Ion transporters and ischemic mitochondrial dysfunction

Abstract

Ischemia-induced ionic imbalance leads to the activation of numerous events including mitochondrial dysfunction and eventual cell death. Dysregulation of mitochondrial Ca²⁺ (Ca²⁺_m) plays a critical role in cell damage under pathological conditions including traumatic brain injury and stroke. High Ca²⁺_m levels can induce the persistent opening of the mitochondrial permeability transition pore and trigger mitochondrial membrane depolarization, Ca²⁺ release, cessation of oxidative phosphorylation, matrix swelling and eventually outer membrane rupture with release of cytochrome c and other apoptogenic proteins. Thus, the dysregulation of mitochondrial Ca²⁺ homeostasis is now recognized to play a crucial role in triggering mitochondrial dysfunction and subsequent apoptosis. Recent studies show that some secondary active transport proteins, such as Na⁺-dependent chloride transporter and Na⁺/Ca²⁺ exchanger, contribute to ischemia-induced dissipation of ion homeostasis including Ca²⁺_m.

Introduction

Ionic imbalance plays a critical role in pathogenesis of ischemic cell damage. Ischemia-induced perturbation of ion homeostasis leads to intracellular accumulation of Ca²⁺ and Na⁺ which results in the subsequent activation of numerous events including mitochondrial dysfunction and eventual cell death. Structural, biochemical and functional abnormalities of mitochondria are widely believed to contribute to ischemic or hypoxic cell injury.¹ Many lines of evidences suggest that Ca²⁺ is a key regulator of mitochondrial function.^2,3 Mitochondrial Ca²⁺ overload triggers the mitochondrial death pathway, which features the loss of mitochondrial membrane potential (Ψ_m), the opening of the mitochondrial permeability transition pore (PTP), release of Cytochrome c (Cyt. C), and enhanced generation of reactive oxygen species.^4–6

This review will highlight recent studies reflecting the role of secondary active transport proteins in ischemia-induced dissipation of ion homeostasis and subsequent mitochondrial dysfunction. Secondary active ion transport proteins such as the Na⁺-dependent chloride transporter (NKCC) and the Na⁺/Ca²⁺ exchanger (NCX) do not use energy stored in ATP directly, but derive their energy from the combined electrochemical gradients generated by Na⁺/K⁺-ATPase and Ca²⁺-ATPase. Secondary active ion transport proteins are important in maintaining steady-state intracellular ionic concentrations. Results from both in vitro and in vivo experimental studies suggest that these ion transport proteins are involved in ischemia-mediated loss of ion homeostasis, leading to mitochondrial dysfunction.^7–11 Therefore, they may be important targets for therapeutic intervention.

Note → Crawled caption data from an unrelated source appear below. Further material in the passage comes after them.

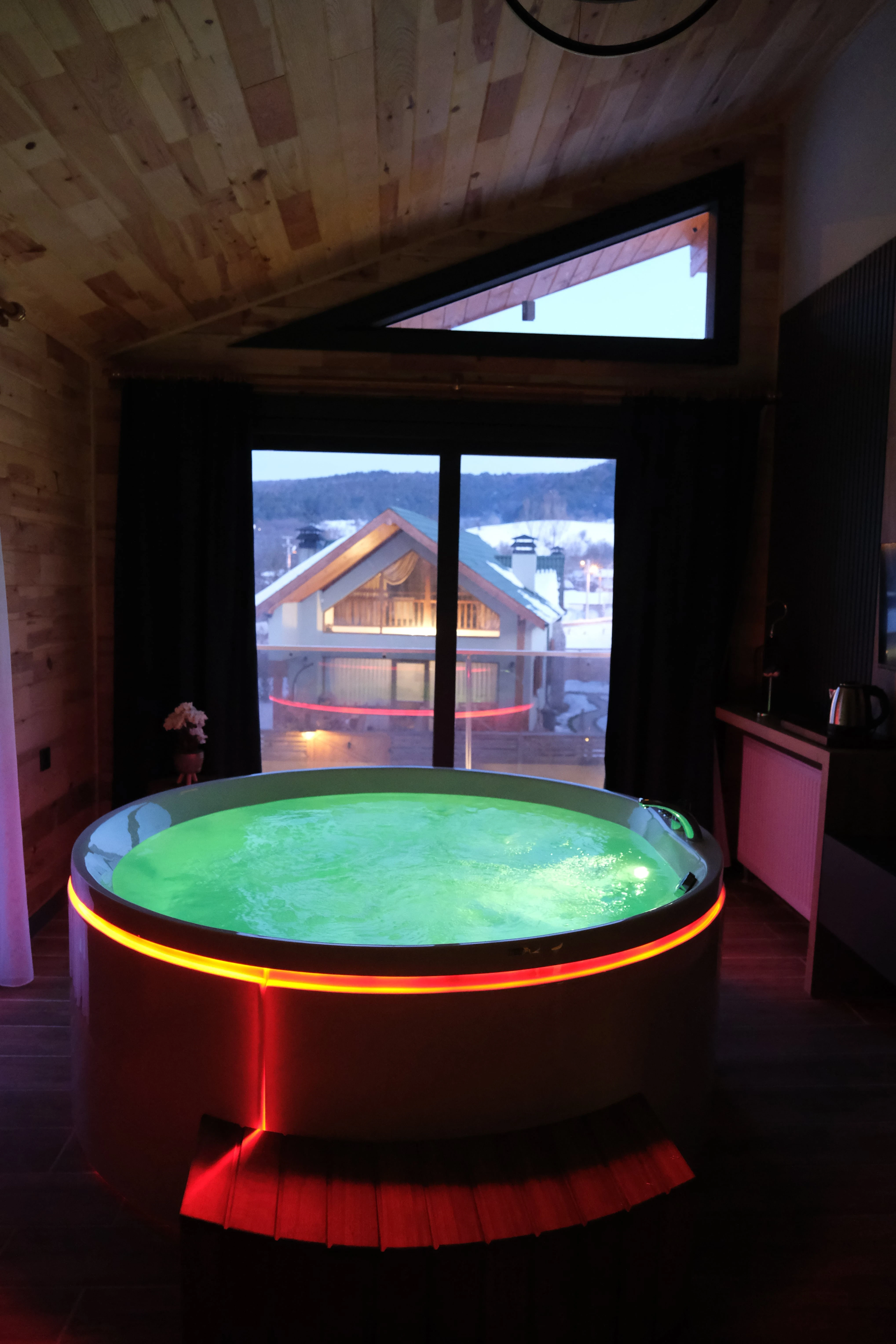 deluxe-oda-jakuzi-ve-somineli-0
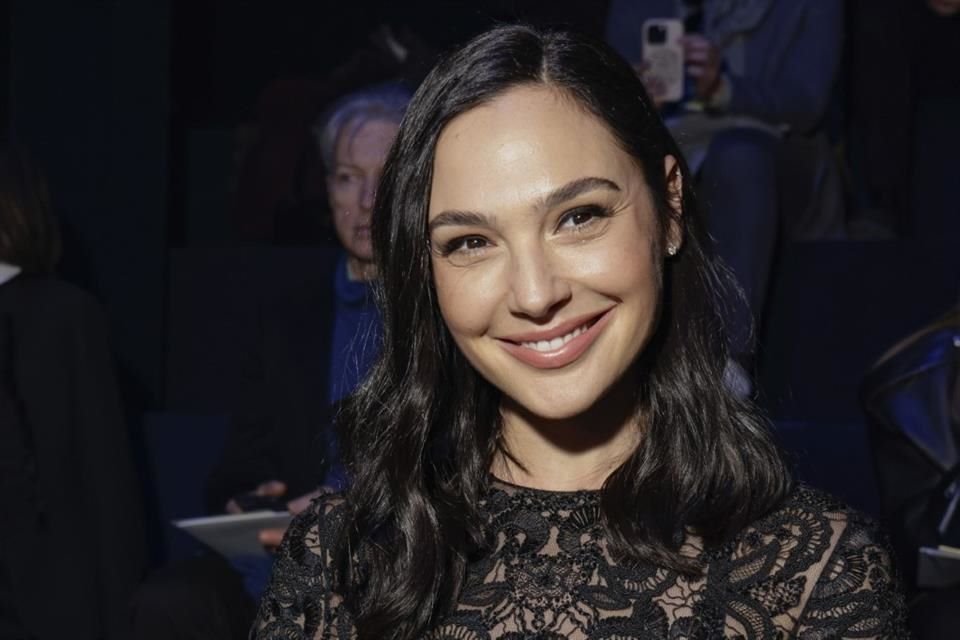Gadot, nacida en Israel y exintegrante de las Fuerzas de Defensa Israelíes (FDI), ha sido una figura activa en el apoyo a su país, especialmente tras los ataques de Hamás del 7 de octubre.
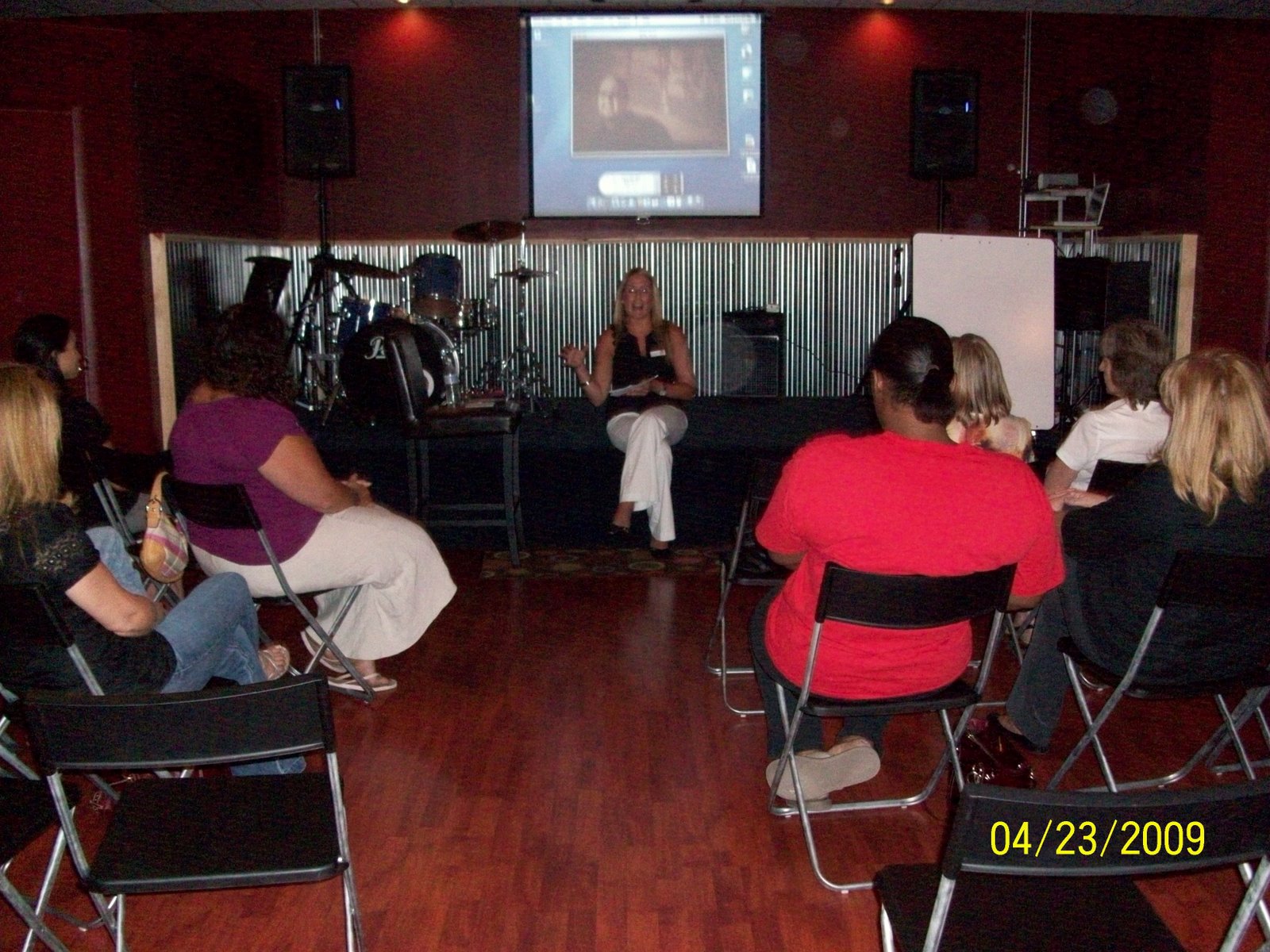 [ShoshanaSharingHerTestimony.jpg]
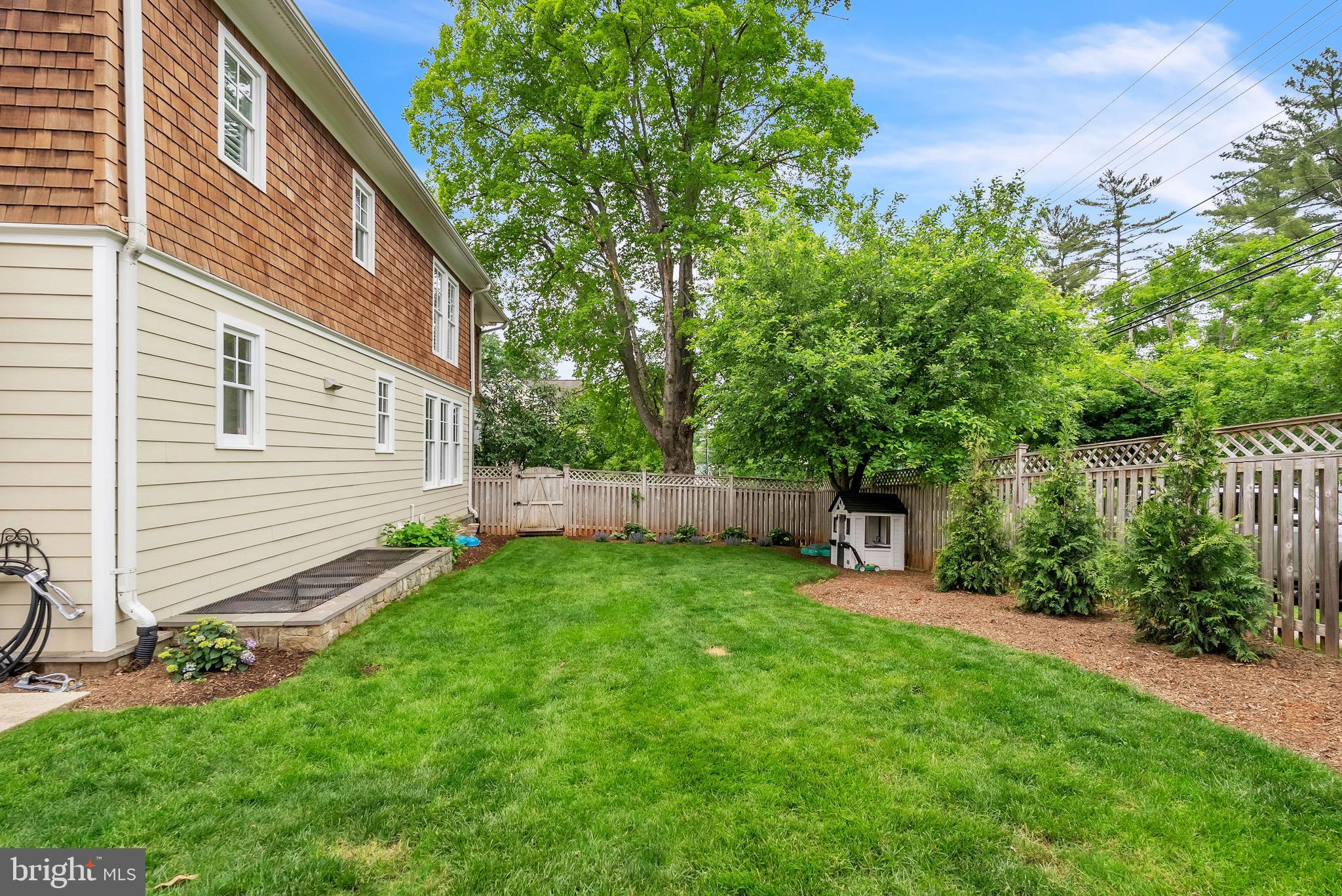 LANDON WOODS - Residential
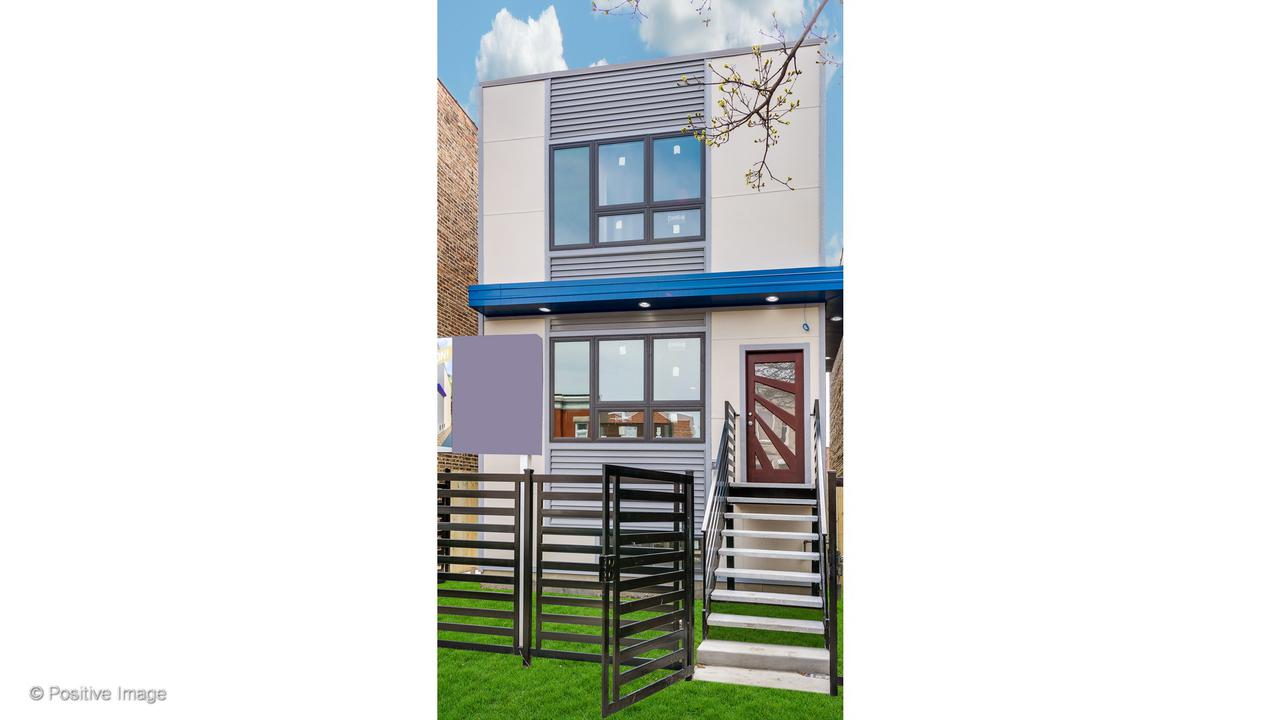 3331 W Crystal St., Chicago, IL 60651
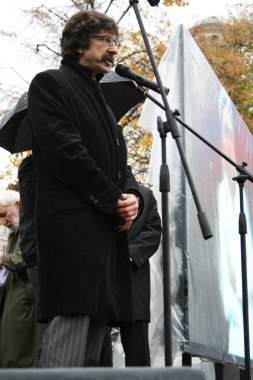 Journalist Sergei Buntman at a rally in memory of Anna Politkovskaya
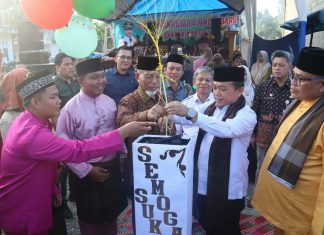 Bupati Dampingi Gubernur Resmikan Pasar 4-9 di Desa Koto Baru Seling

Mitochondrial Ca²⁺ Imbalance and Ischemic Mitochondrial Dysfunction

Mitochondrial Ca²⁺ imbalance.

Calcium is one of the most prominent intracellular messenger molecules, and plays a vital role in the physiology and biochemistry of cells, particularly in signal transduction pathways.¹² Cytosolic free Ca²⁺ (Ca²⁺_cyt) is maintained at roughly 100 nM while the extracellular milieu generally has a [Ca²⁺] of over 1 mM under physiological conditions. Loss of Ca²⁺ homeostasis, often in the form of an increase in cytoplasmic Ca²⁺, leads to multiple destructive processes such as the activation of proteases, lipases, nucleases, nitric oxide synthases, protein kinases and eventual cell death.^4,12

Mitochondria play a central role in cellular metabolism and are responsible for cellular respiration that generates ATP from ADP and inorganic phosphate. Under physiological conditions, Ca²⁺_m increases to buffer the amplitude of the Ca²⁺_cyt rise. Ca²⁺_m is typically in the range of 0.2–3 mM, which is ideal for the activation of Ca²⁺-dependent enzymes of the Krebs cycle. Increases of Ca²⁺_m can be compensated by mitochondrial Ca²⁺ efflux mechanisms such as NCX and matrix Ca²⁺ buffering.³ Thus mitochondria accumulate Ca²⁺ and efficiently control the spatial and temporal shape of cellular Ca²⁺ signals, yet this situation exposes them to the hazards of Ca²⁺ overload.^3,13 During anoxia/ischemia, oxidative phosphorylation is inhibited, triggering a rapid decline in ATP production and initiating multiple destructive processes.¹⁴ These changes include the compromising of ionic homeostasis, activation of glycolysis and intracellular acidosis, degradation of phospholipids and an increase in the plasma membrane permeability to Na⁺ and Ca²⁺.^14,15 Elevated cytoplasmic Na⁺ (Na⁺_cyt) during ischemia will favor the reverse-mode operation of NCX (NCX_rev), causing Ca²⁺_cyt levels to further increase.¹⁶ In the presence of ATP, Mg²⁺ and inorganic phosphate, respiring mitochondria are able to accumulate large amounts of Ca²⁺ via the mitochondrial Ca²⁺ uniporter and/or the rapid uptake mode.¹⁷ However, during ischemia when ATP is decreased, mitochondria would not be able to accumulate Ca²⁺. Upon reperfusion, increases in Ca²⁺_cyt or the release of Ca²⁺ from the endoplasmic reticulum invariably induce Ca²⁺_m uptake which helps in reestablishing physiological Ca²⁺_cyt levels.^2,15

Sustained increases in Ca²⁺_m will initiate several death factors. The rapid uptake of Ca²⁺ by mitochondria stimulates the Ca²⁺-sensitive matrix dehydrogenases, which are key sites of NADH production for the respiratory chain and thereby for stimulation of mitochondrial energy metabolism.² A high concentration of mitochondria Ca²⁺ can also induce the opening of the PTP, a high conductance inner membrane channel which consists of the voltage-dependent anion channel, the adenine nucleotide translocator and the cyclophilin D, as well as several other proteins.^18–20 Activation of PTP triggers a cascade of events during cellular damage.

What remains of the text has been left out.